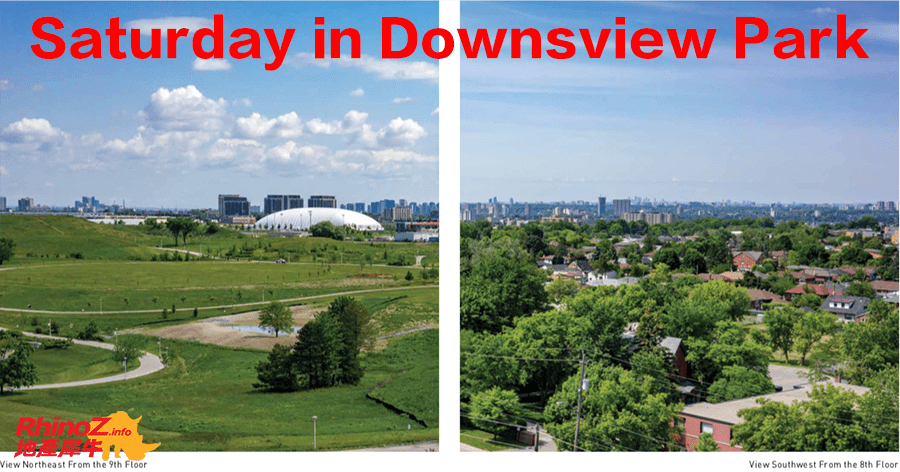 Saturday in Downsview Park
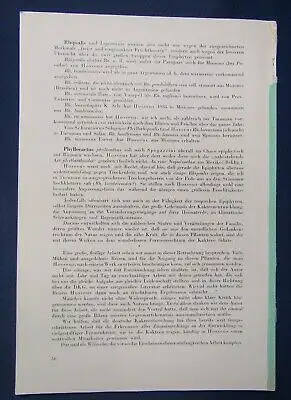 Cactaceae Jahrbücher der Deutschen Kakteengesellschaft E. V. 1939 2 Hefte js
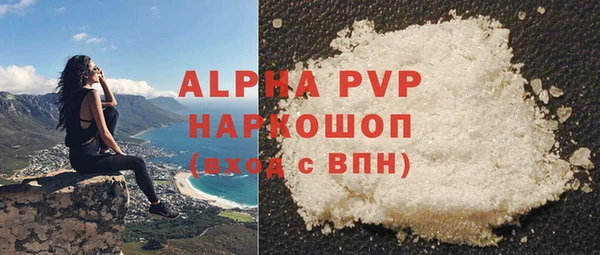 СК Белокуриха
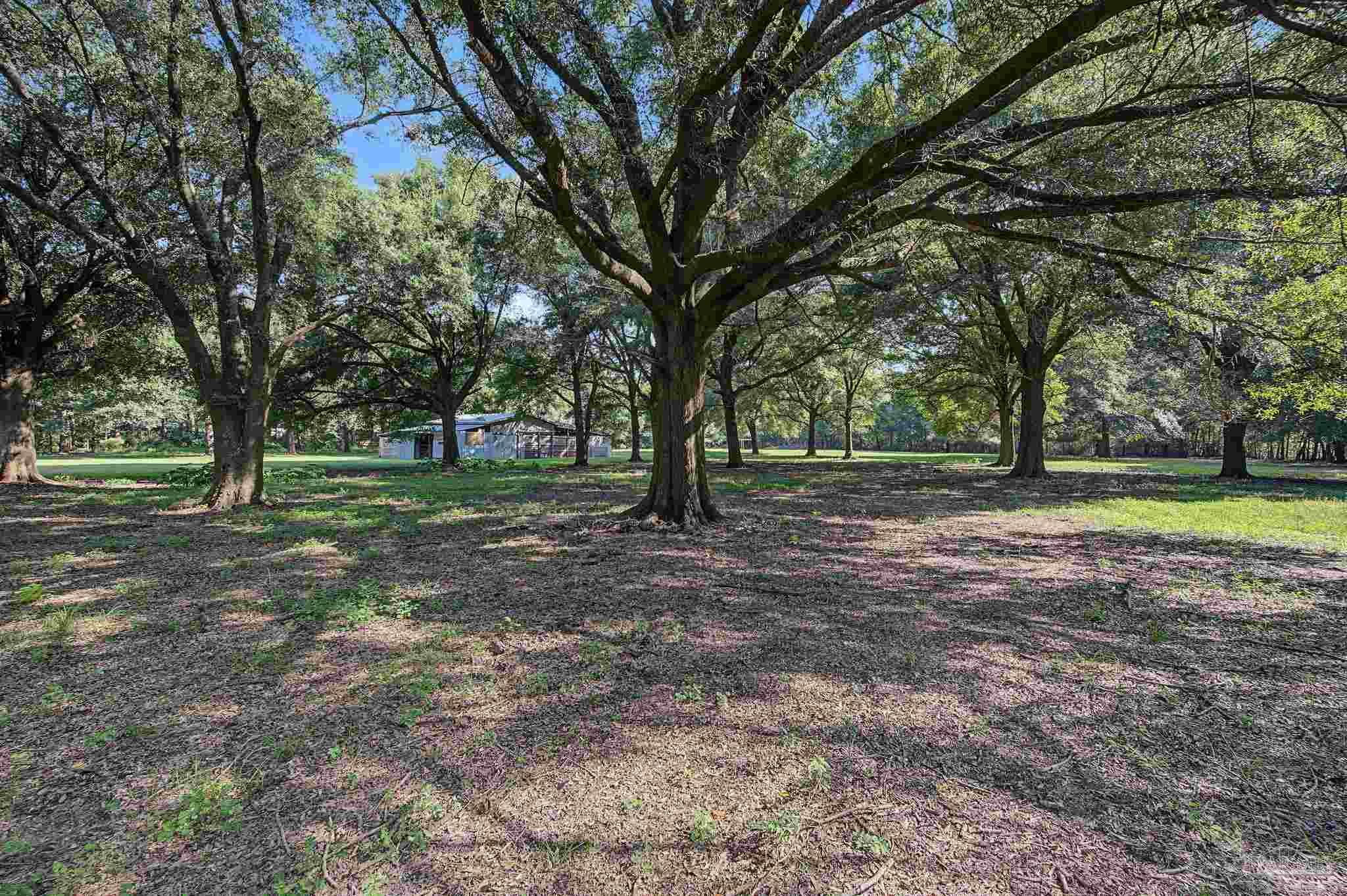 12400 Wildlife Road Holt FL 32564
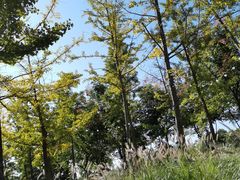 -羊亭河湿地公园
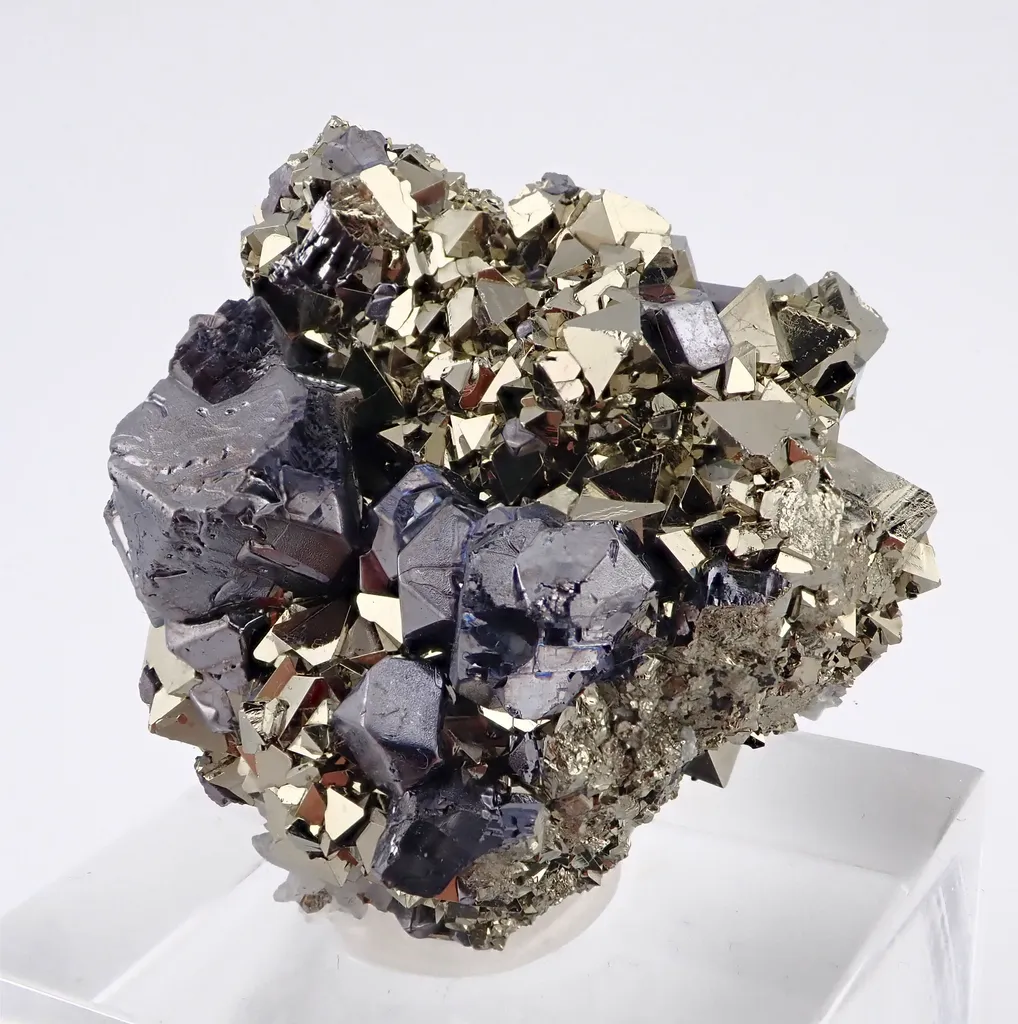 Galena with Pyrite image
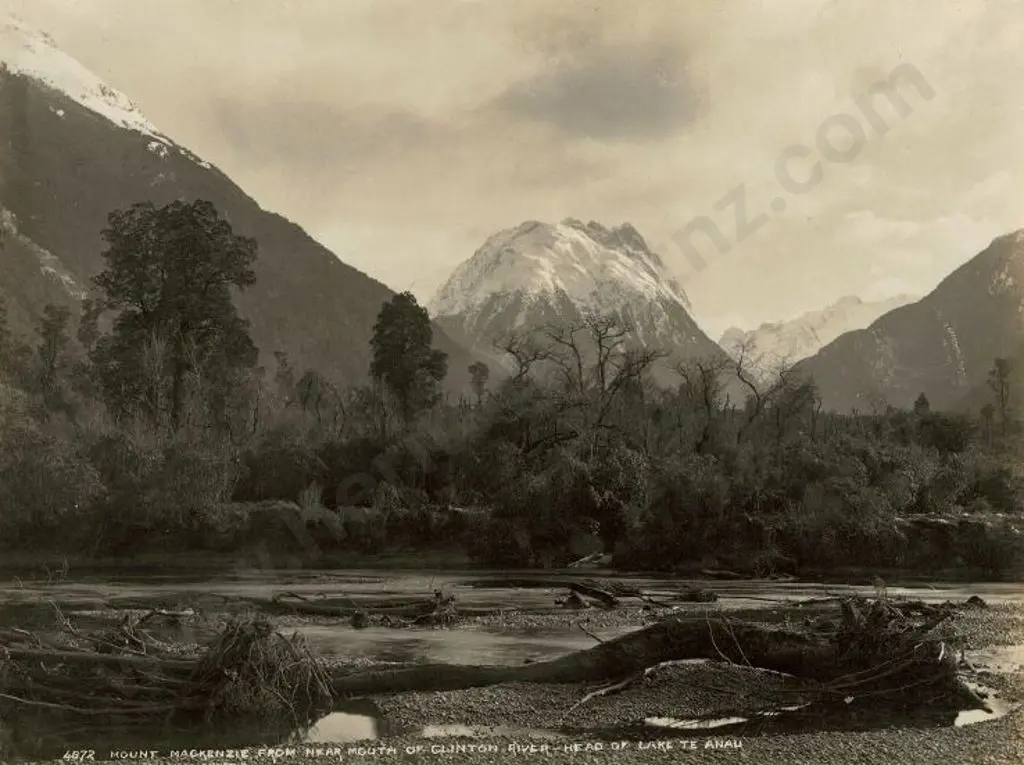 BURTON BROS - Dunedin (1870s-1890s) - Mount MacKenzie from Near Mouth of Clinton River, c.1897 Image 1++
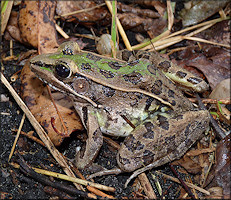 Southern Leopard Frog [Rana sphenocephala utricularia]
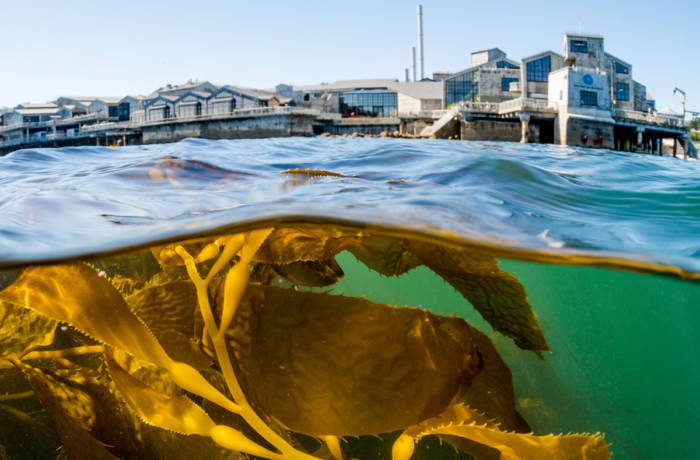 seaweed in the water and a building on the shore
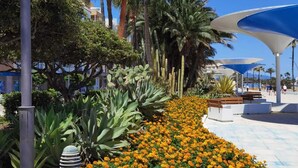 Exterior - Guadiana Sol (Estepona)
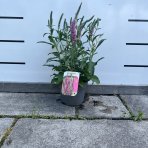Veronika špicatá (Veronica spicata) ´INSPIRE PINK´, výška 20-30 cm - kont. C1L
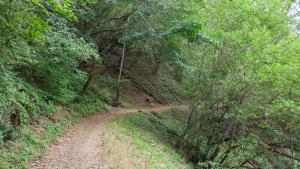 Trail surrounded by green trees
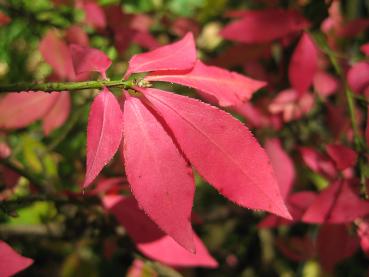 Vingad benved, Euonymus alatus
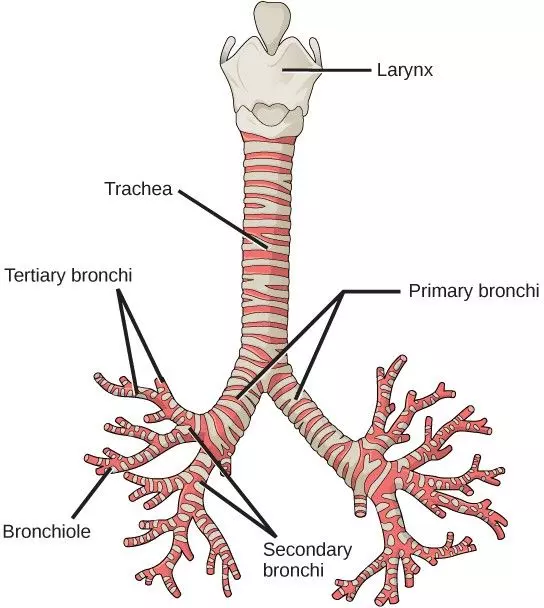 The Respiratory Tract from the Trachea to the Bronchioles SimpleMed The Respiratory Tract from the Trachea to the Bronchioles SimpleMed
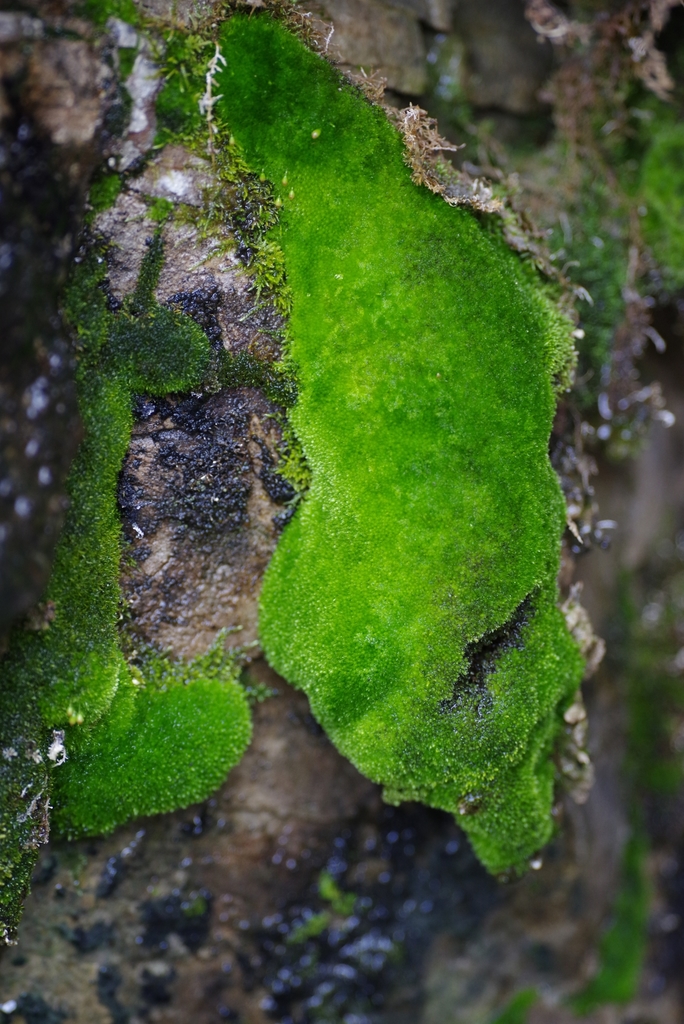 Porsild's Bryum - Photo (c) Michael Rudy, all rights reserved, uploaded by Michael Rudy
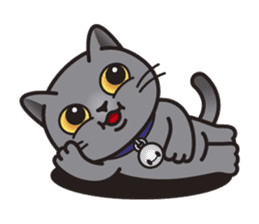 MIA the British Shorthair Cat sticker #9022510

□ □ □

Work to be completed
Only the lines from the top of the material above down to the line bearing "Porsild's Bryum - Photo", that line included, should be set down exactly; no pictures.

Response to the exercise
 Saturday in Downsview Park
 Cactaceae Jahrbücher der Deutschen Kakteengesellschaft E. V. 1939 2 Hefte js
 СК Белокуриха
 12400 Wildlife Road Holt FL 32564
 -羊亭河湿地公园
 Galena with Pyrite image
 BURTON BROS - Dunedin (1870s-1890s) - Mount MacKenzie from Near Mouth of Clinton River, c.1897 Image 1++
 Southern Leopard Frog [Rana sphenocephala utricularia]
 seaweed in the water and a building on the shore
 Exterior - Guadiana Sol (Estepona)
Veronika špicatá (Veronica spicata) ´INSPIRE PINK´, výška 20-30 cm - kont. C1L
 Trail surrounded by green trees
 Vingad benved, Euonymus alatus
 The Respiratory Tract from the Trachea to the Bronchioles SimpleMed The Respiratory Tract from the Trachea to the Bronchioles SimpleMed
 Porsild's Bryum - Photo (c) Michael Rudy, all rights reserved, uploaded by Michael Rudy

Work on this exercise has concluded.